La violenza sulle donne è anche una violenza domestica, che avviene tra le mura di casa. E il dramma sul dramma è quando c’è qualcuno che assiste, che guarda innocente e inconsapevole, scavando dentro di sé una ferita profonda. Quanti bambini sono a loro volta vittime della violenza? Purtroppo, è un fenomeno non fa statistica. Save the Children stima che in Italia 427 mila bambini, in soli 5 anni, testimoni diretti o indiretti dei maltrattamenti in casa.

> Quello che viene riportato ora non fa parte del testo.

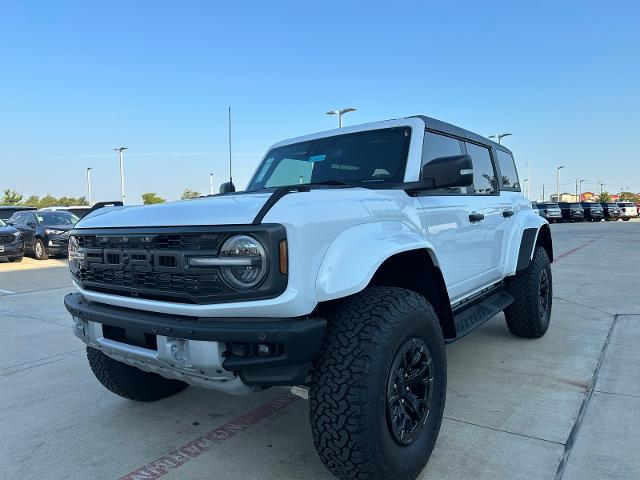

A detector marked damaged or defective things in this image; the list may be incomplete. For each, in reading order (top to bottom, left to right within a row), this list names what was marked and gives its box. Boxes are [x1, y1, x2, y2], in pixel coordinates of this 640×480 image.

pavement crack [442, 416, 564, 446]
pavement crack [556, 314, 620, 478]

Il Rapporto dell’associazione “Abbattiamo il muro del silenzio” ricorda che, secondo dati Istat 2015, tra le donne in Italia che hanno ricevuto violenza il 10,1% dichiara di aver avuto paura che la propria vita o quella dei figli fosse in pericolo. Il 12,7% afferma che i figli hanno subito spesso o talvolta qualcuno di questi episodi e ben il 48,5% che i figli hanno assistito spesso o talvolta a qualcuno di questi episodi.

Save the Children ha individuato 4 gruppi di vittime che si differenziano innanzitutto per l’esperienza dei figli: il gruppo 1 è caratterizzato da violenza da ex partner in cui i figli, pur vittime del clima di violenza, non sono stati coinvolti direttamente; il gruppo 2 è caratterizzato da donne vittime da partner attuale con figli che hanno visto direttamente o subito loro stessi violenza; il gruppo 3 è caratterizzato da donne vittime da ex partner con figli che comunque hanno visto direttamente o subito loro stessi violenza; il gruppo 4, pur caratterizzato da violenza da partner, quindi più recente, mostra una più bassa consapevolezza dell’impatto della violenza domestica sui figli e dichiara che questi non hanno subito né assistito alla violenza stessa.

I due gruppi più problematici, pur evidenziando una consapevolezza maggiore dell’impatto della violenza sui figli, sono il secondo e il terzo. In entrambi i gruppi i figli sono stati testimoni diretti o hanno subito loro stessi.

A preoccupare sono i dati sulla consapevolezza da parte delle madri del dramma che la famiglia vive in caso di maltrattamenti. Solo chi riporta episodi più evidenti di violenza – si legge nel rapporto – riconosce in misura maggiore che i figli hanno assistito o subito essi stessi la violenza (gruppo 1); le altre donne, nonostante riportino ferite e segni della violenza, unitamente a disturbi di lungo termine di vario genere, difficilmente nascondibili ai figli, sono variamente restie a dichiarare che questi ultimi abbiano assistito alla violenza (gruppi 2, 3, 4 e 5).

E il tema della dipendenza economica ritorna, come denunciato dall’Ordine di Commercialisti. Un numero alto di donne che ritornano con un partner violento “per il bene dei figli” (gruppi 2 e 4), oppure quando non si è autosufficienti economicamente.